Although analysts have speculated that Mr. Isaacs is the one person who could bump Mr. O'Neal off his path, the BayBanks executive insisted this is not a possibility, even if Mr. Crozier, his longtime friend and colleague, begged him to stay.

Mr. Isaacs will oversee the integration of BayBanks into Bank of Boston, but once that job is done, he says, he's out. "I'm not going to be doing retail banking in 1996 or 1997," he said. "If it weren't for this deal, I'd be leaving sooner."

Assuming that Mr. Crozier and Mr. O'Neal can work out their relationship, the new Bank of Boston should prove a formidable consumer banking competitor, both in New England and nationally.

Mr. Crozier has a keen interest in technology and its applications. BayBanks is famous for dominating Massachusetts with a ubiquitous automated teller machine network and for its early and user-friendly telephone banking service.

When Mr. O'Neal arrived at Bank of Boston in 1992, he paid close attention to the BayBanks strategy and tried to copy it. Analysts give him credit for bringing a retail sensibility to what had been largely a wholesale, corporate-oriented bank. He has been eager, for example, to adopt BayBanks-like tactics such as supermarket branches and ATMs.

He said Bank of Boston would have 50 supermarket branches by the end of 1997, twice as many as now. The combined bank will also shutter 60 traditional branches (the sites have not yet been selected), leaving it with a total of 445 branches and 1,675 ATMs.

Both executives see their competition on two planes. New England has big regional players like Fleet Financial Group and Citizens Financial, based in Providence, R.I. And nationally, major banks are expected to use the Internet or other electronic means to reach customers that Bank of Boston would prefer to think of as its own.

Fleet, however, is busy digesting two huge acquisitions - Shawmut National Corp., based in Boston, a deal that closed late last year, and National Westminster Bancorp, Jersey City, a deal that is expected to close by June 30.

"It is helpful to us to have the Fleet-Natwest merger going on," said Mr.
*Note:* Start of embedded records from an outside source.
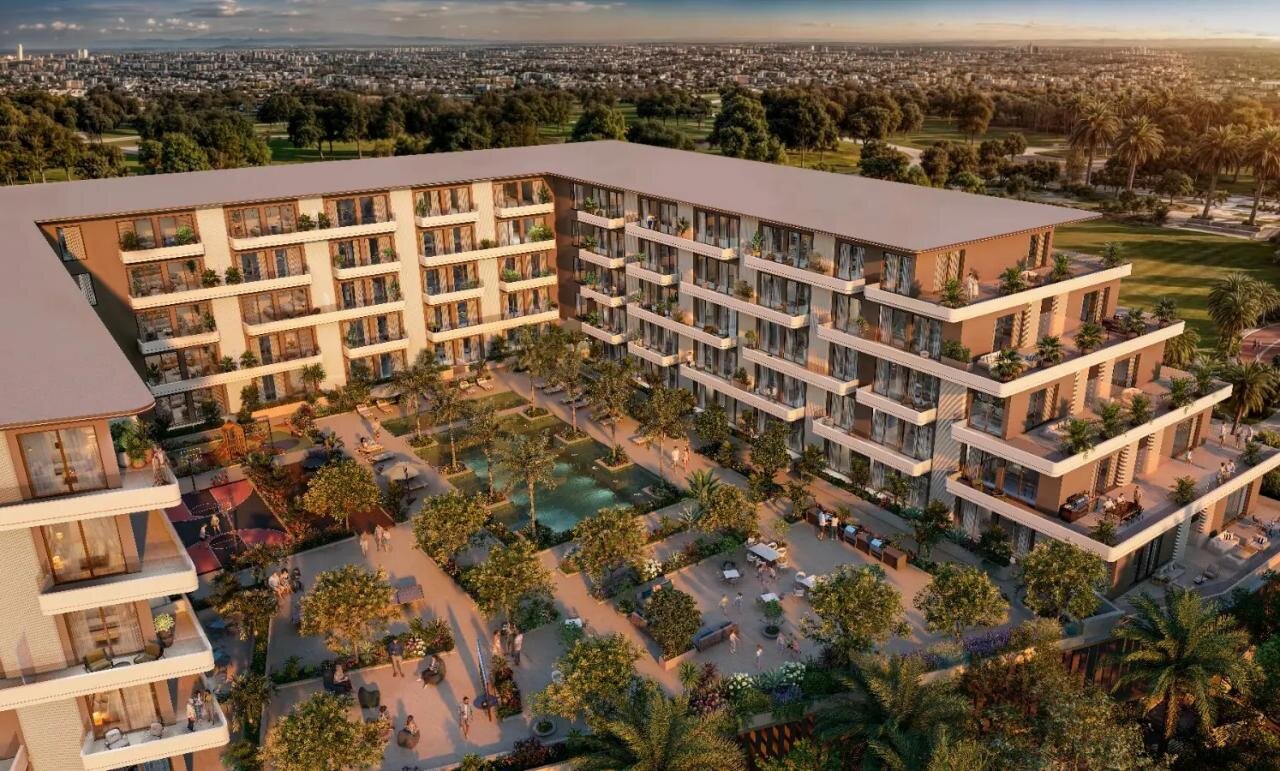Studio a Dubai, EAU, 47 m² - foto 2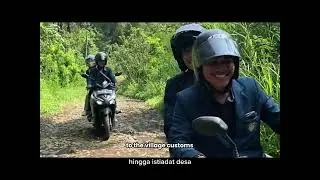 MBKM Disperindag Prov Jawa Timur - M Abiyyu Zaky Dalimunte - 225040107111013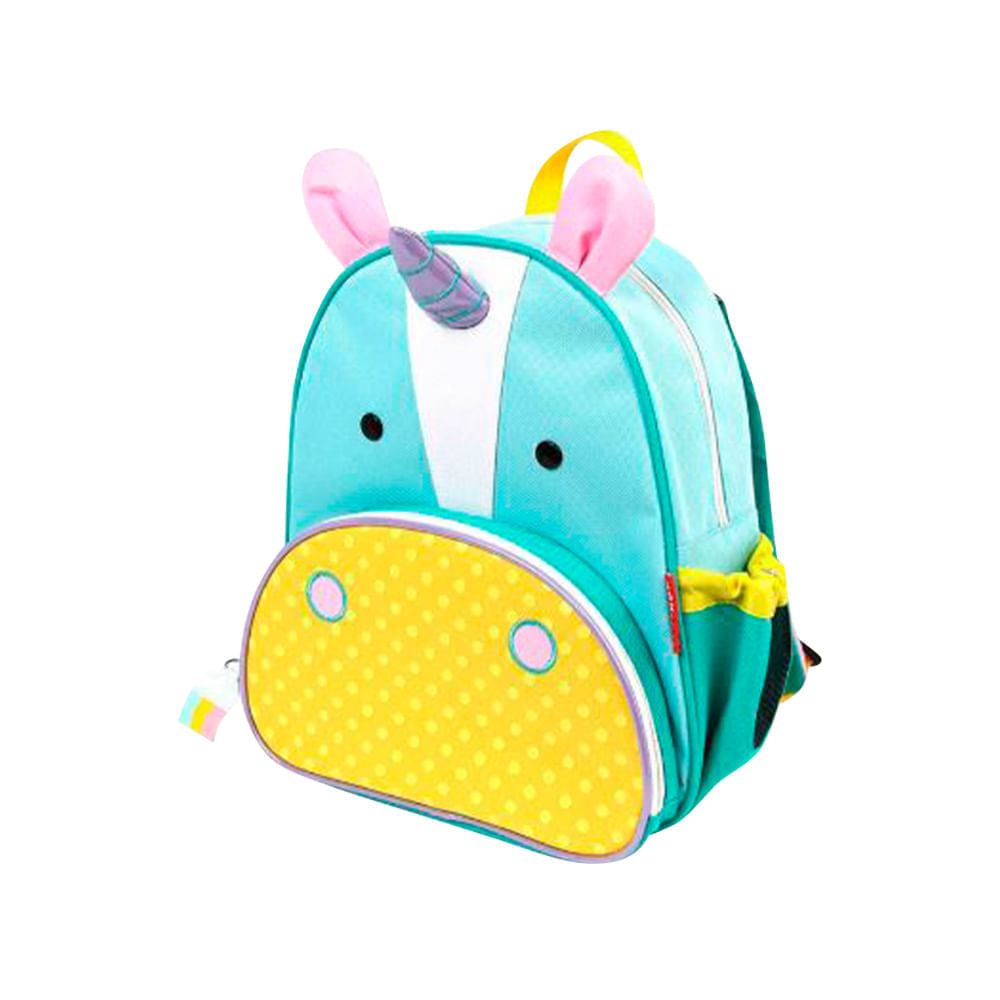 Skip Hop Mochila Zoo Unicornio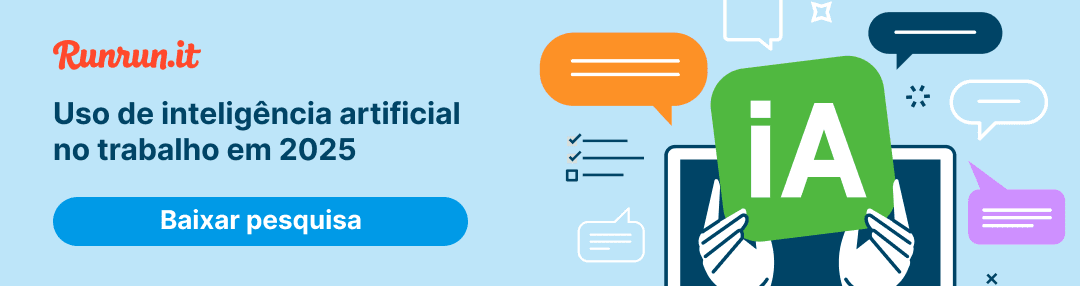 use do IA no trabalho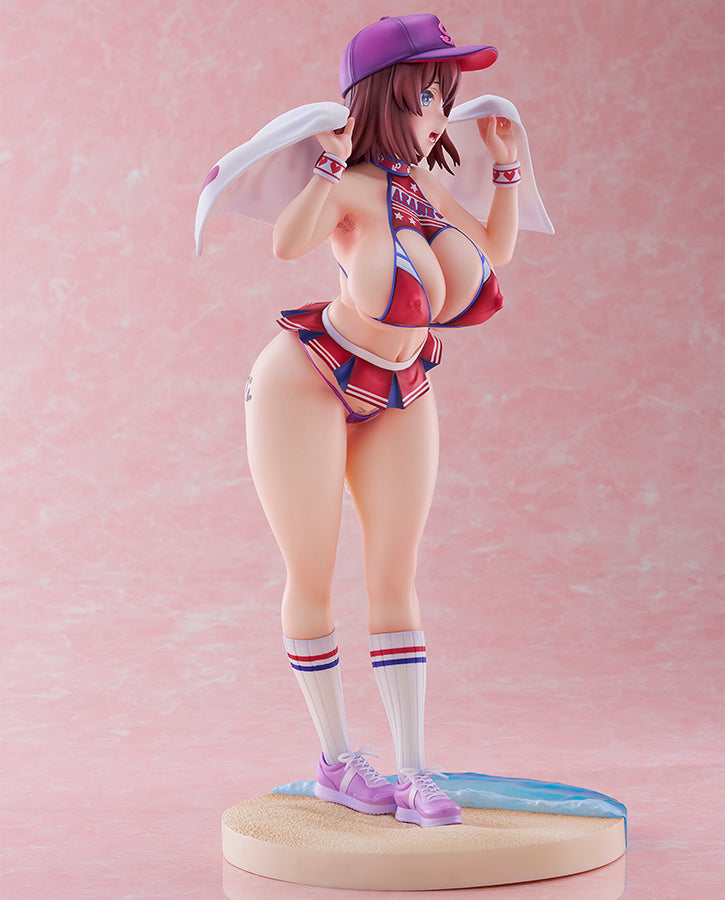 Akane Nanao DX Ver. | 1/6 Scale Figure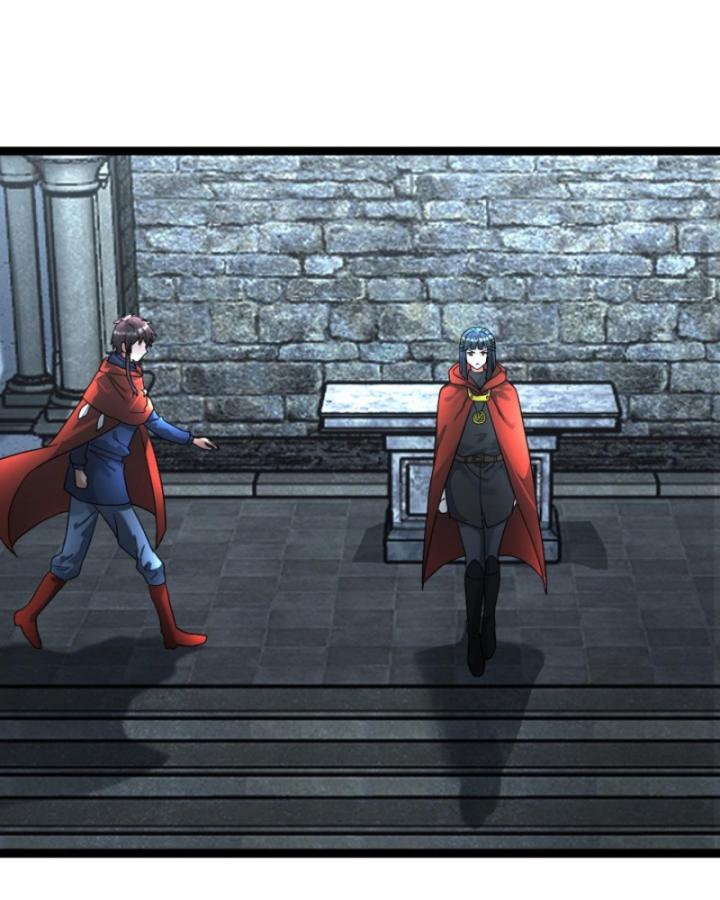 Đóng Băng Toàn Cầu: Tôi Gây Dựng Nên Phòng An Toàn Thời Tận Chapter 291 - Trang 2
Crozier. "There's only so much management energy around, and if they spend most of it worrying about what's going on in the Mid-Atlantic area, they won't spend so much time paying attention to what's going on here."
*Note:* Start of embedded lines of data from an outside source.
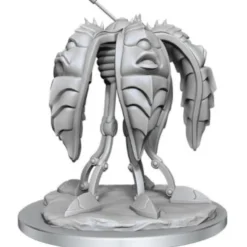 D&D Nolzur's Marvelous Miniatures - Pentadrone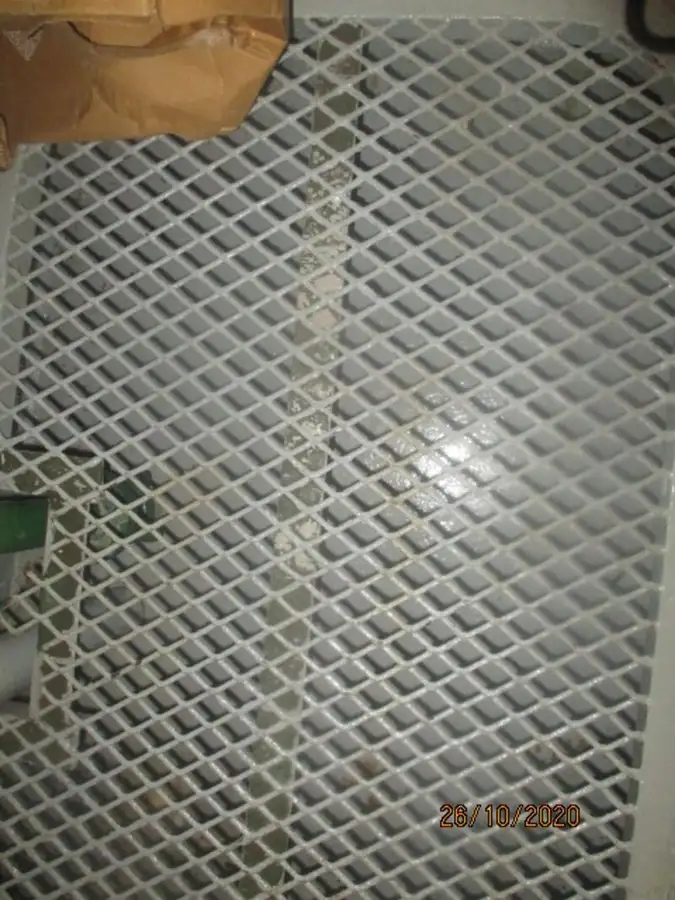 ספינת מקרר למכירה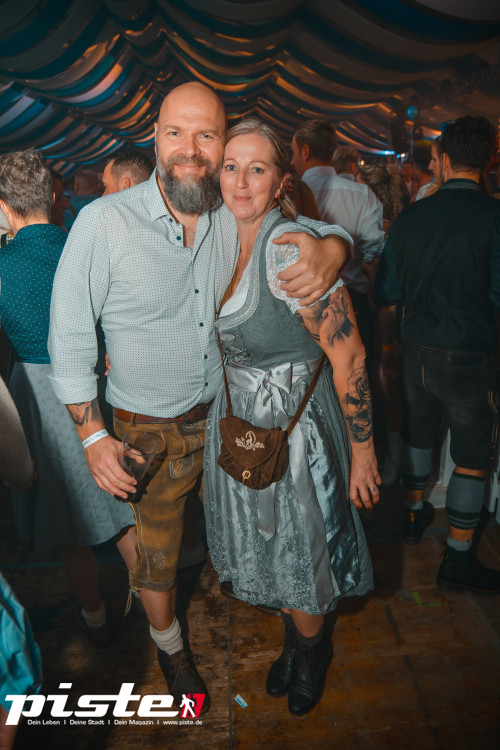 Rostocker Oktoberfest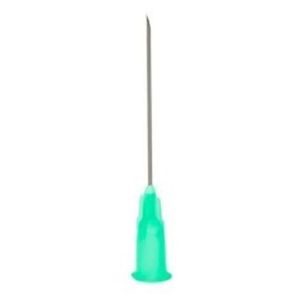 AGULHA BD 25X0,7MM 1UN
Bank of Boston thus wants to emerge from its $2 billion merger with both guns blazing, launching a marketing campaign that is, in Mr. Crozier's words, more of a shout than a whisper.
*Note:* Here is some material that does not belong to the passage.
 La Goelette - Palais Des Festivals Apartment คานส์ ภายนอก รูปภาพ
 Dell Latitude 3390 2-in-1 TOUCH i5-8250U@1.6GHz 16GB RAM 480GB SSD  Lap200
The merged bank will also focus on how to use the Internet. BayBanks has already created a home page on the World Wide Web to advertise its products to students. They are a natural market in Boston, which is home to many colleges that provide free Internet access to their students.

But that project provides just a hint of Mr. Crozier's grander scheme. He said that if a techie sitting out on Route 128 in the Boston suburbs can go on-line and find a home mortgage from San Francisco-based Bank of America, then Bank of Boston wants equal access to the techies in California's Silicon Valley.

"The mere presence of bricks and mortar isn't really what it's about anymore," Mr. Crozier said. "If we are sizable enough," anything is possible.